Exact copy, pictures excluded: print the lines from the one with "Which one of" through the final line of the records.
(Available data)
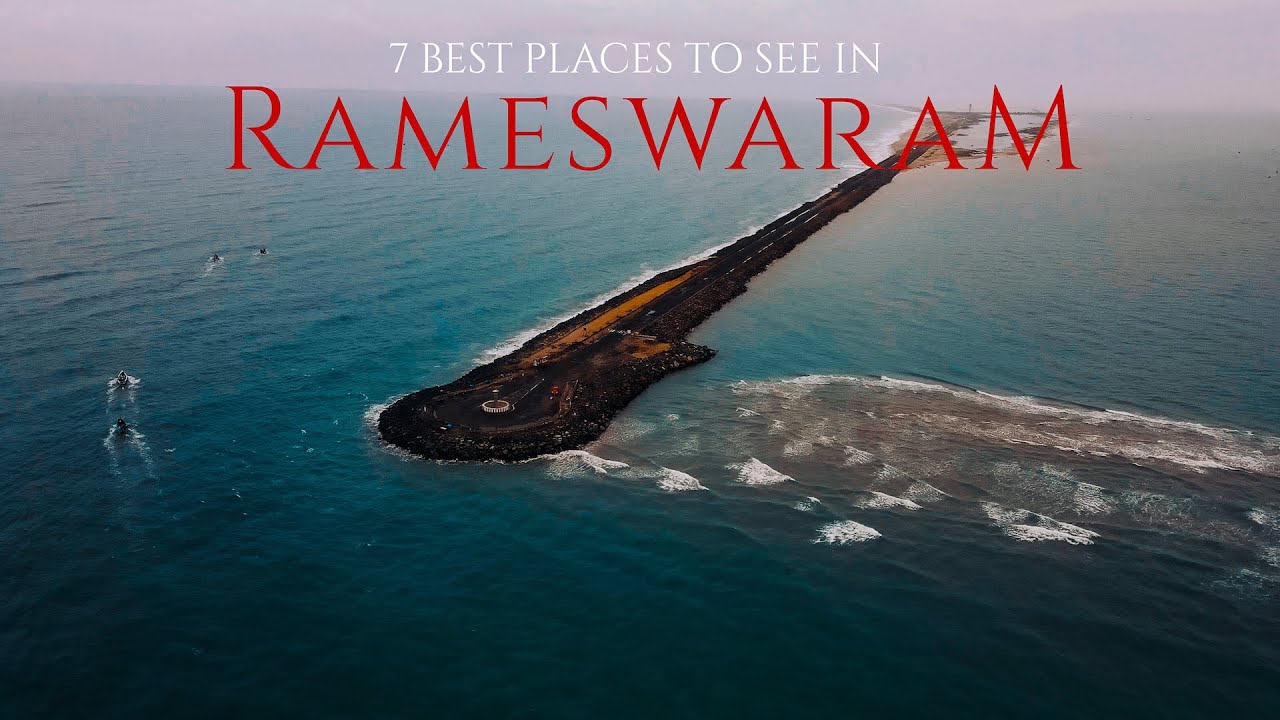 7 Best Places to Visit in Rameswaram / Dhanushkodi and the Story Behind them | 4K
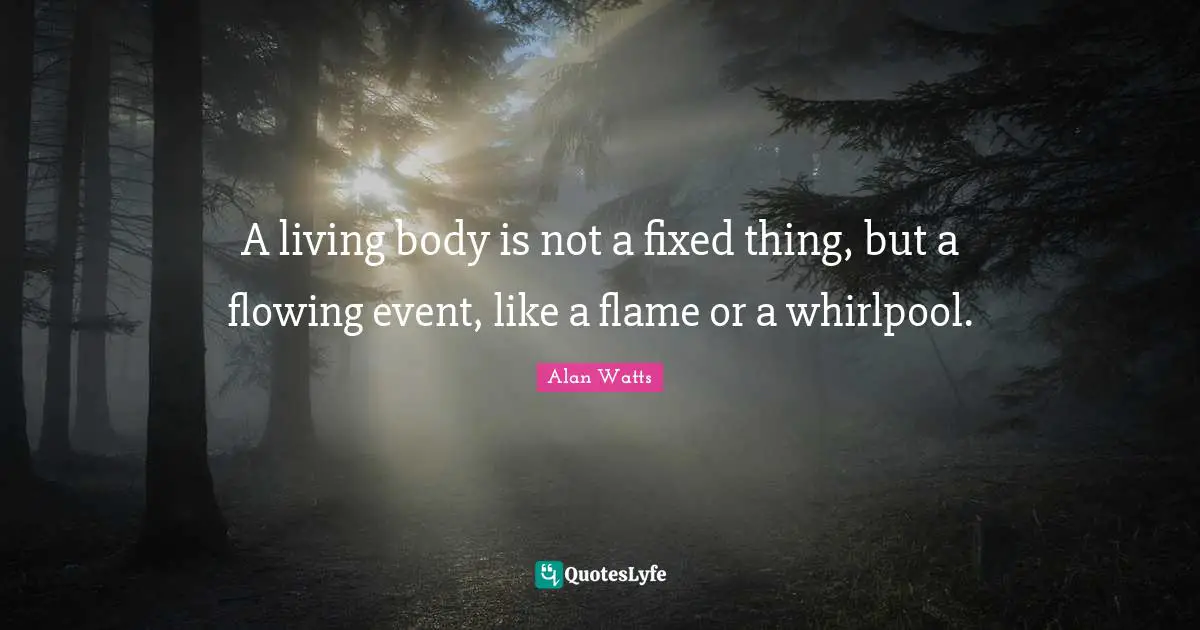 A living body is not a fixed thing, but a flowing event, like a flame or a whirlpool.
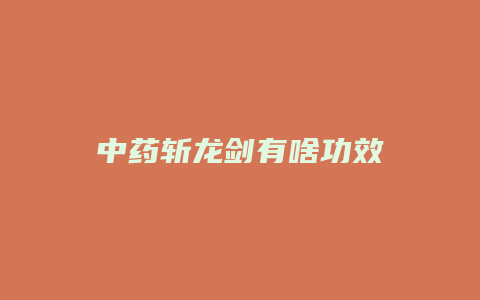 中药斩龙剑有啥功效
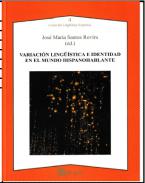 Variaci�n ling��stica e identidad en el mundo hispanohablante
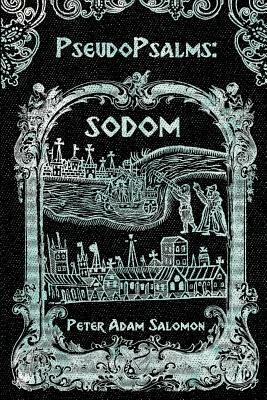 PseudoPsalms: Sodom by Peter Adam Salomon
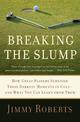 Breaking the Slump: How Great Players Survived Their Darkest Moments in Golf--and What You Can Learn from Them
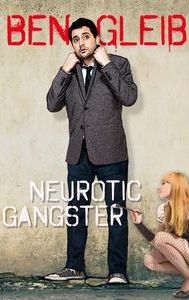 Ben Gleib: Neurotic Gangster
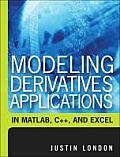 Modeling Derivatives Applications in Matlab, C++, and Excel [With CDROM]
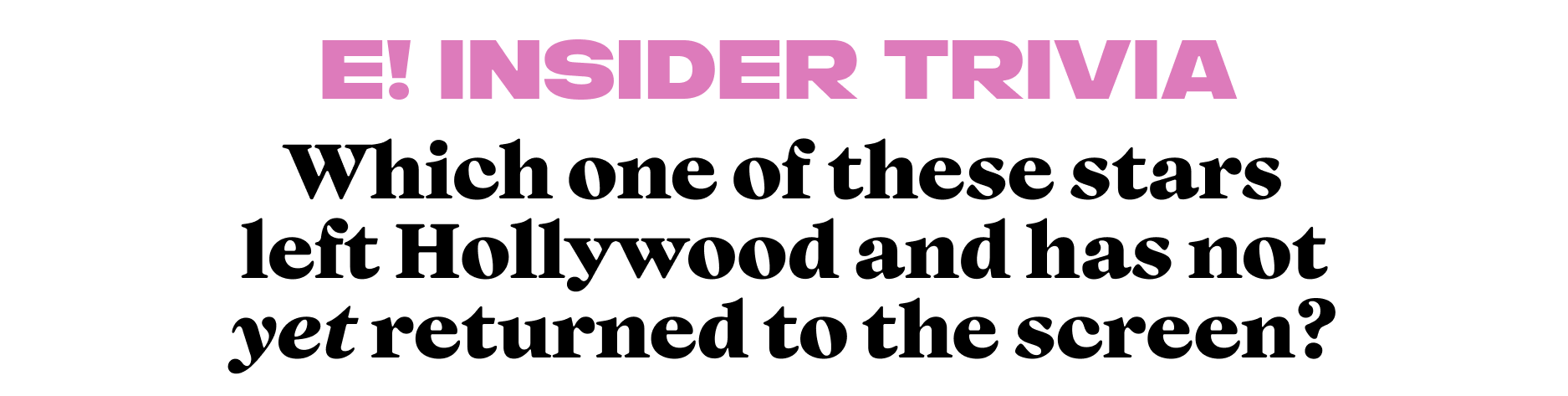 Which one of these stars left Hollywood and has not  yet returned to the screen?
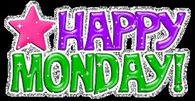 Happy Monday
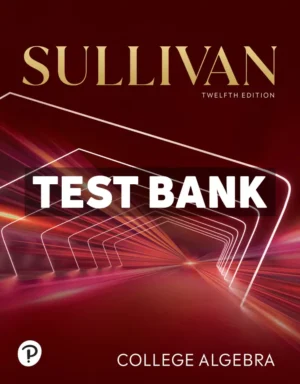 College Algebra 12th Edition Sullivan Test Bank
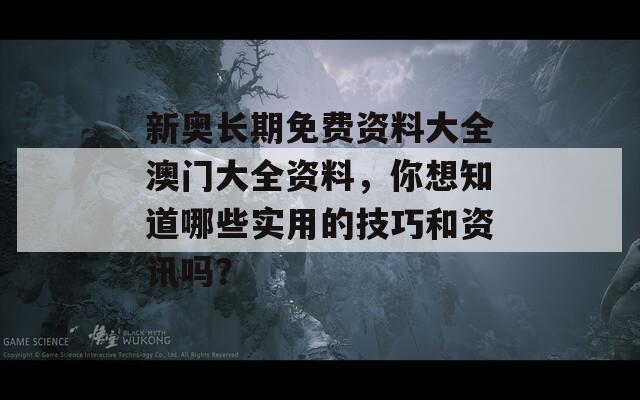 新奥长期免费资料大全澳门大全资料，你想知道哪些实用的技巧和资讯吗？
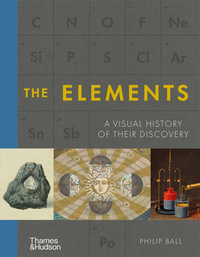 The Elements : A Visual History of Their Discovery - Philip Ball
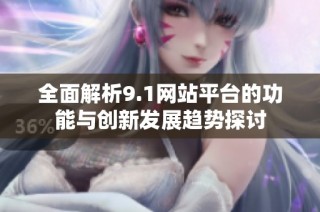 全面解析9.1网站平台的功能与创新发展趋势探讨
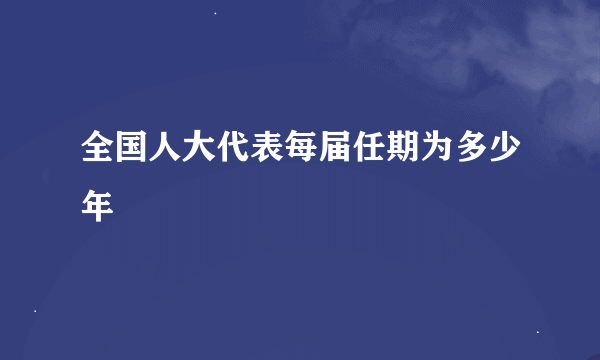 全国人大代表每届任期为多少年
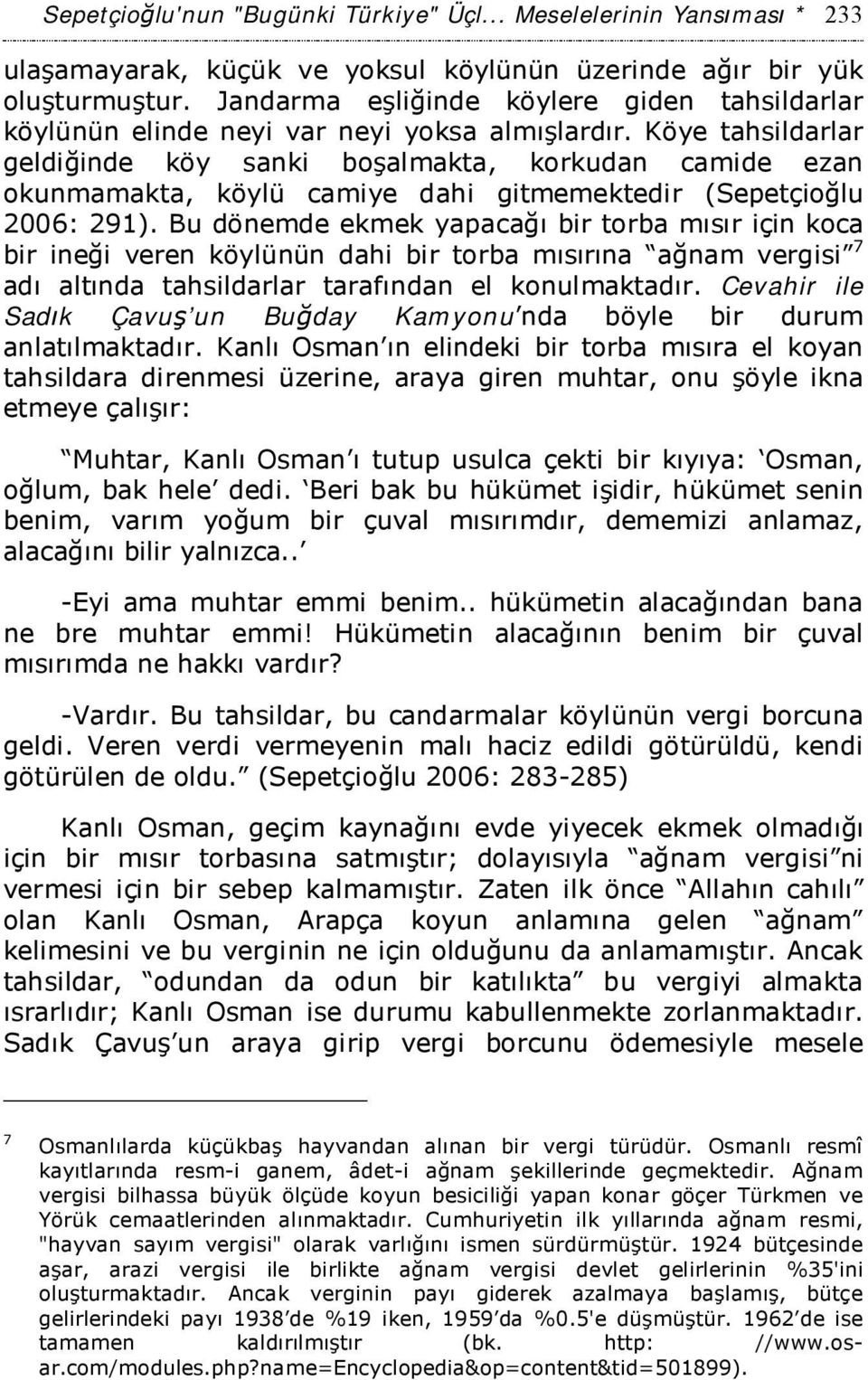 Köye tahsildarlar geldiğinde köy sanki boşalmakta, korkudan camide ezan okunmamakta, köylü camiye dahi gitmemektedir (Sepetçioğlu 2006: 291).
(End Available data)
### Your solution
 Which one of these stars left Hollywood and has not  yet returned to the screen?
 Happy Monday
 College Algebra 12th Edition Sullivan Test Bank
 新奥长期免费资料大全澳门大全资料，你想知道哪些实用的技巧和资讯吗？
 The Elements : A Visual History of Their Discovery - Philip Ball
 全面解析9.1网站平台的功能与创新发展趋势探讨
 全国人大代表每届任期为多少年
 Köye tahsildarlar geldiğinde köy sanki boşalmakta, korkudan camide ezan okunmamakta, köylü camiye dahi gitmemektedir (Sepetçioğlu 2006: 291).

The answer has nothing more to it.